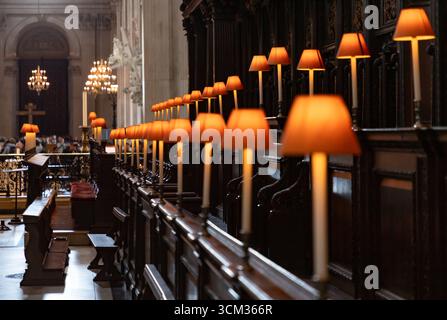 Una foto della Quire all'interno della Cattedrale di St. Paul, a Londra. Foto Stock
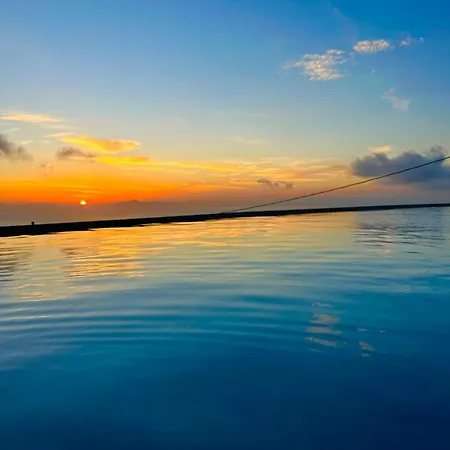 Leon Luxury Imerovigli (Santorini)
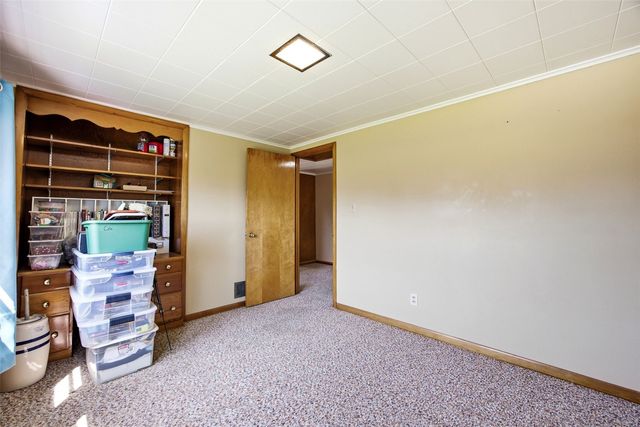 4731 Mount Vernon Rd, Cedar Rapids, IA 52403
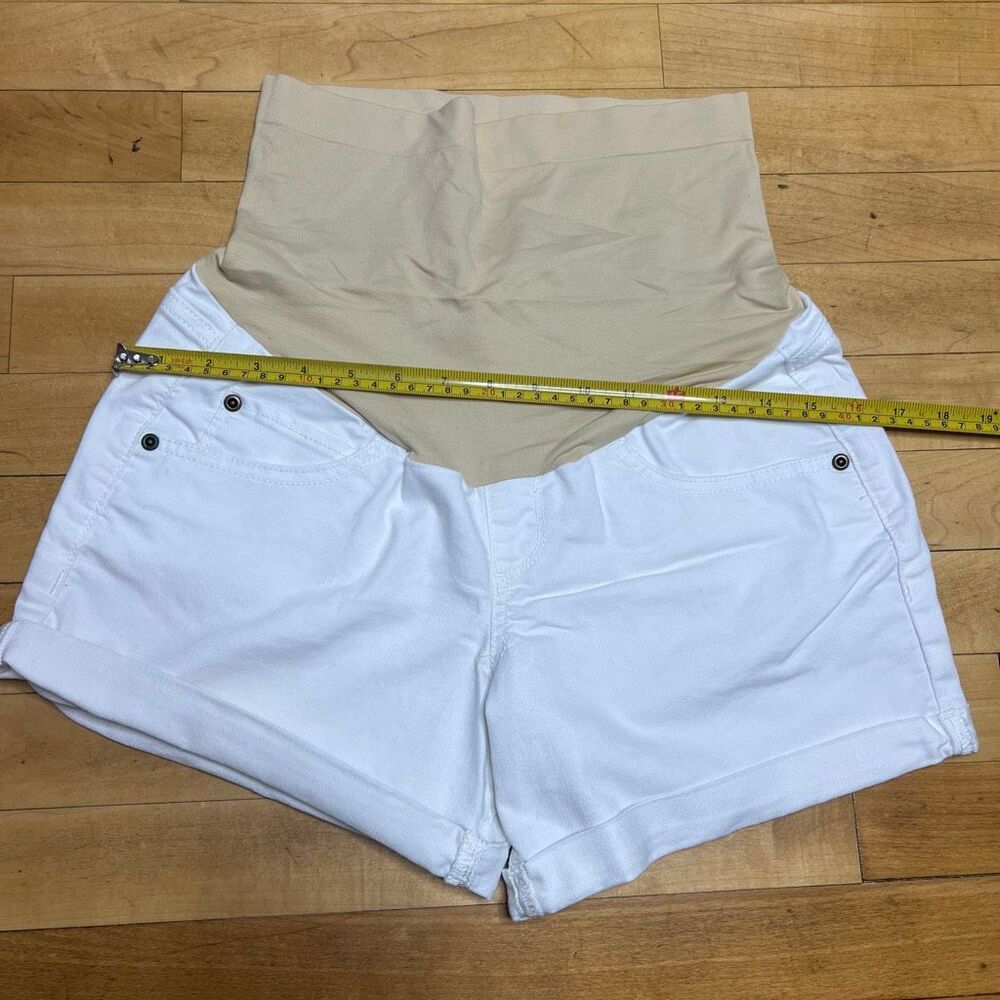 A: glow Maternity Boyfriend Shorts in White, Beige Belly Band,  Women’s 4 - Picture 3 of 11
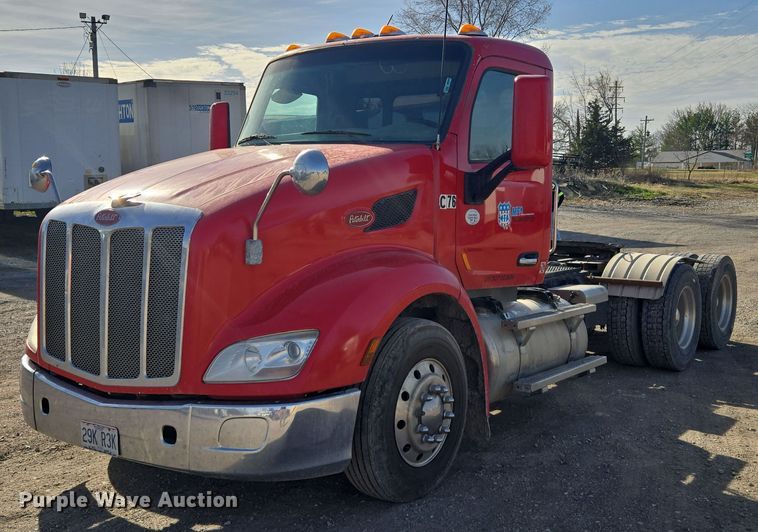 image for item EQ6860 2014 Peterbilt 579 semi truck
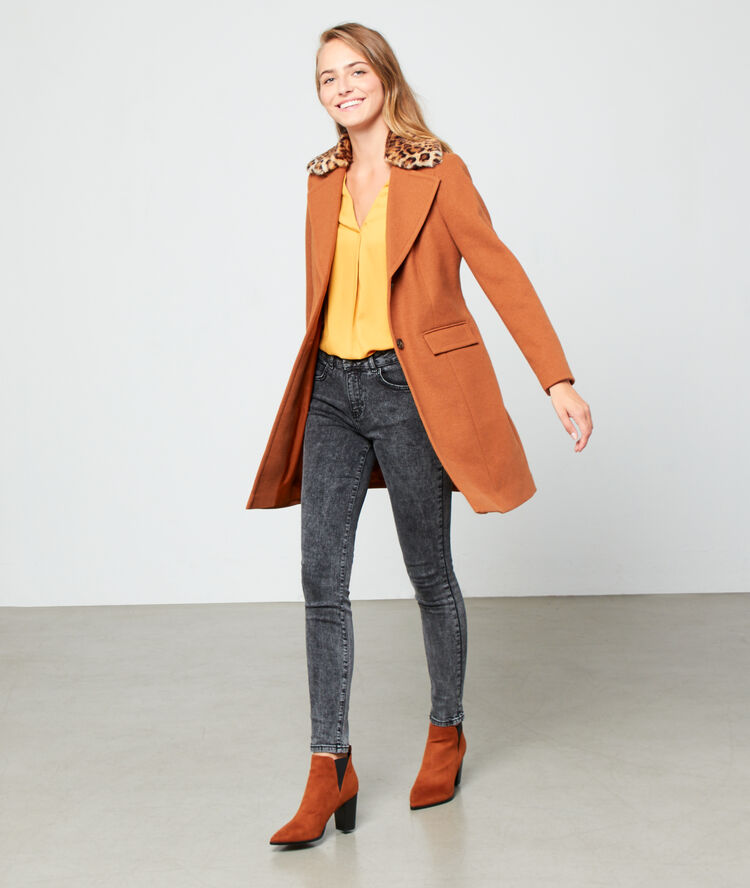 Blouse col v ocre.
══════════════════════════════
TASK INSTRUCTIONS
Take the line that contains "4731 Mount Vernon Rd, Cedar Rapids, IA 52403" and every line after it down to the last line of the entries above, and output them exactly, with nothing else and no pictures.

EXERCISE RESPONSE
 4731 Mount Vernon Rd, Cedar Rapids, IA 52403
 A: glow Maternity Boyfriend Shorts in White, Beige Belly Band,  Women’s 4 - Picture 3 of 11
 image for item EQ6860 2014 Peterbilt 579 semi truck
 Blouse col v ocre.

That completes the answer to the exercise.